Another interesting part of the book which is barely mentioned in other accounts about the Atlantis went to the isolated Kerguelen Island and ran aground. Mohr describes how seriously damaged the ship was and this nearly ended their war career there. The last part of the book is the most exciting, where Mohr describes the sinking of the Atlantis by the British cruiser Devonshire in November and how he eventually made it back to France aboard an Italian submarine. Overall, this was a thoroughly enjoyable naval memoir and while it could stand to be updated with an appendix or map, it still packs far more veritas than many of the hastily-thrown-together Second World War memoirs we see appearing these days.
It was surely preferable for an Allied merchant ship to be engaged by a chameleon like Ship Sixteen captained by Bernard Rogge and his ADC Ulrich Mohr than a U Boat, since they were usually given a chance to surrender when the "German Raider" identity was revealed within firing range. There was a learning process here. Rogge originally tried a shot across the bows but found that they continued to send radio SOS messages. He then tried ordering them to halt and not broadcast but that usually didn't work either (they turned to escape and continued to send SOS messages) so eventually he showed a large illuminated message quickly followed by shellfire against the radio room if there was any evasive action or broadcasting.
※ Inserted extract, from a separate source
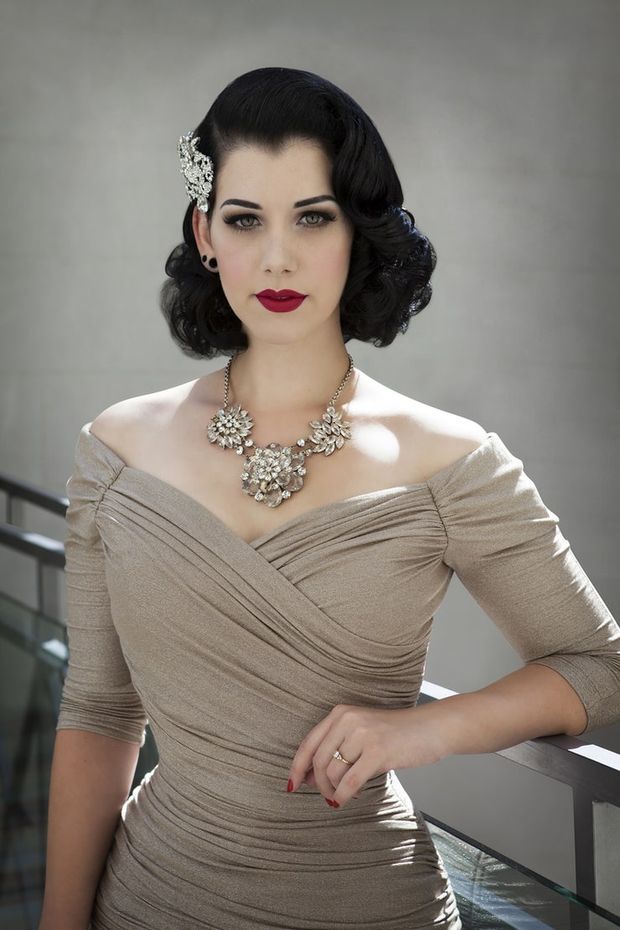 Miss Victory Violet - vintage style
In any event Rogge's ship kept changing its identity with flags, lettering, paint, wooden structural alterations etc. to look for the most realistic matches with ships registered around the world and eventually managed to sink more Allied shipping (21 ships over 661 days) than any other surface ship. An interesting feature was Rogge's "Admiral Colombo" wall map of the Indian Ocean, with the subtitle "Think like your opposite number". He spent a good deal of time making reasonable assumptions about the whereabouts of Ship Sixteen based on existing knowledge and making sure he was somewhere else.
The book almost reads like a novel (better really) especially the episode when they were almost shipwrecked on the remote Kerguelen Islands near the Antarctic circle.